Responsabilidade administrativa ambiental e competência dos órgãos fiscalizadores

Responsabilidade administrativa ambiental e competência dos órgãos fiscalizadores

Assunto controverso na seara do Direito Ambiental é a possibilidade de aplicação de penalidades administrativas pela União na hipótese de ser identificada pelos entes federais possível irregularidade em empreendimentos licenciados por outro ente federativo (Estado ou Município).

A discussão jurídica surge especialmente acerca da interpretação conferida à competência comum fiscalizatória do meio ambiente disposta na Constituição da República no artigo 23, VI e na atribuição referenciada no art. 17 da Lei Complementar nº 140/2011.

O ponto de maior controvérsia é o limite para que seja considerada a inércia do órgão ambiental apta a legitimar a atuação de outro ente que não conduza o licenciamento ambiental.

A ponderação da questão foi recentemente conduzida pelo Judiciário.

Requerendo a aplicação do disposto na norma, foi pleiteado judicialmente a anulação de auto de infração lavrado pelo IBAMA, em face da obra de construção de Loteamento no Município de Aracati/CE.

No caso, foi alegado que o empreendimento possuía licenciamento ambiental válido concedido pelo órgão ambiental estadual (SEMACE), no qual houve a análise de todos os impactos que decorreriam do exercício da atividade. Por ocasião da análise técnica, foi considerado que inexistia área de preservação permanente na área objeto da licença ambiental, o que seria a razão para a lavratura do Auto de Infração pelo IBAMA.

A sentença de primeira instância e posterior acórdão do Tribunal Regional Federal da 5ª Região considerou que, uma vez tendo ocorrido a análise do processo de licenciamento ambiental pelo órgão licenciador – o qual teve conhecimento amplo dos aspectos que envolveriam a instalação do empreendimento –, não haveria que se falar em inércia do ente estadual que possibilitasse a atuação do ente federal (no caso, o IBAMA).

A questão foi recentemente apreciada pelo STJ por ocasião do recebimento do RESP nº 1484933, sob relatoria da Ministra Regina Helena Costa.
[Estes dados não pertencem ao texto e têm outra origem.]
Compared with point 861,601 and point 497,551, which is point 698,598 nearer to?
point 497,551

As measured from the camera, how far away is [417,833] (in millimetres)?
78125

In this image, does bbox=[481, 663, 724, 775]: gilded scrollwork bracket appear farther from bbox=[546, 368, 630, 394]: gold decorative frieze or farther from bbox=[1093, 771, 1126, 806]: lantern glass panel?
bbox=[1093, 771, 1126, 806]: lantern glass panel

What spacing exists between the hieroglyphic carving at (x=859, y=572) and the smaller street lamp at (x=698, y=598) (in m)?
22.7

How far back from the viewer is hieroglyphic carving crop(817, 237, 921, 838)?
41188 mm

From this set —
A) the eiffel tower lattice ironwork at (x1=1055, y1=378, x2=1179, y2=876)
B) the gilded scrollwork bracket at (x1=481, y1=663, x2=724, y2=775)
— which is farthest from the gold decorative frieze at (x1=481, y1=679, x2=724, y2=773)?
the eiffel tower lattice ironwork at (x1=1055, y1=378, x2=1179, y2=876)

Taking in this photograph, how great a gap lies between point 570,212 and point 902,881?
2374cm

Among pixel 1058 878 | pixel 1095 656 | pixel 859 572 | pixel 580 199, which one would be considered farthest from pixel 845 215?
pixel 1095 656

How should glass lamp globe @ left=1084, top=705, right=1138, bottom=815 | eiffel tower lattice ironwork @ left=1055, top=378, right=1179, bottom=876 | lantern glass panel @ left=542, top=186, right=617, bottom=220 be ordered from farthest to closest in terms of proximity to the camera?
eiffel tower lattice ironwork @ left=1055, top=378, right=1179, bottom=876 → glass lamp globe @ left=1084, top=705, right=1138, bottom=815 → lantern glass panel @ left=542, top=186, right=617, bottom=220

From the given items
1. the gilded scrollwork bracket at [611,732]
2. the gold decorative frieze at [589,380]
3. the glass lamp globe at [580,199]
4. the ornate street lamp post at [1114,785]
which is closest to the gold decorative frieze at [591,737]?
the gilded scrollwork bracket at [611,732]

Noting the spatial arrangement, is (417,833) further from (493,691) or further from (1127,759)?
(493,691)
Em decisão monocrática, foi negado conhecimento ao Recurso Especial, com base no fundamento de que se as instâncias ordinárias reconheceram que não houve a omissão do órgão ambiental licenciador e a reanálise da questão demandaria reexame de fatos, o que é vedado em sede de recursos extraordinários.
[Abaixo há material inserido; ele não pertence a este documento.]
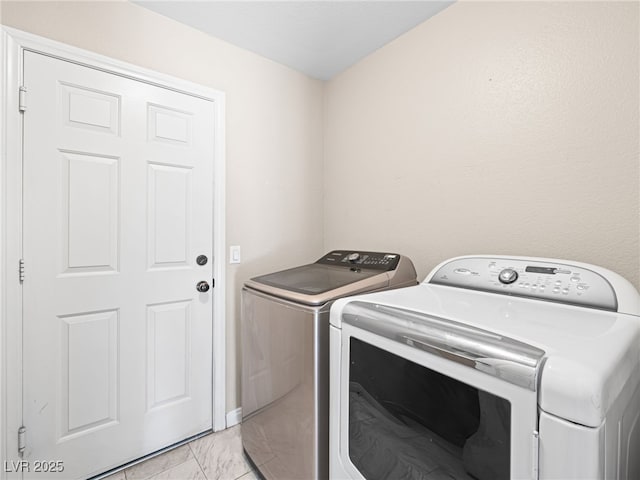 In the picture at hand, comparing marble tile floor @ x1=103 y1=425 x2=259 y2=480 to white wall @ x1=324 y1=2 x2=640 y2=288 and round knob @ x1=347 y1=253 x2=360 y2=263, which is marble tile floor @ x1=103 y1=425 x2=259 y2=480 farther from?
white wall @ x1=324 y1=2 x2=640 y2=288

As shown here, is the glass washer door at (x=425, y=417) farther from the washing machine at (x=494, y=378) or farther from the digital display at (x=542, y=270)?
the digital display at (x=542, y=270)

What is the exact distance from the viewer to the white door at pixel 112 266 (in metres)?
1.36

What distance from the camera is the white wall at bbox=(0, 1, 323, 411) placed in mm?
1461

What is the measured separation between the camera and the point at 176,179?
1.71 m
A decisão da Corte Superior, muito embora não tenha enfrentado o mérito da questão, deixou registrado o posicionamento do STJ no que se refere à competência para a aplicação de responsabilidade administrativa: a existência de inércia do órgão ambiental licenciador deve ser aferida no caso concreto, inexistindo a possibilidade ampla e irrestrita de autuação de outro ente fiscalizar quando da inércia do órgão com atribuição ao licenciamento.

De fato, o entendimento do STJ se coaduna com a interpretação teleológica da norma. Isto é, se o próprio ente que realizou a análise completa dos impactos do empreendimento, afastando a existência de responsabilidade administrativa, é desarrazoado permitir que outro ente interfira na análise mediante a aplicação de sanção.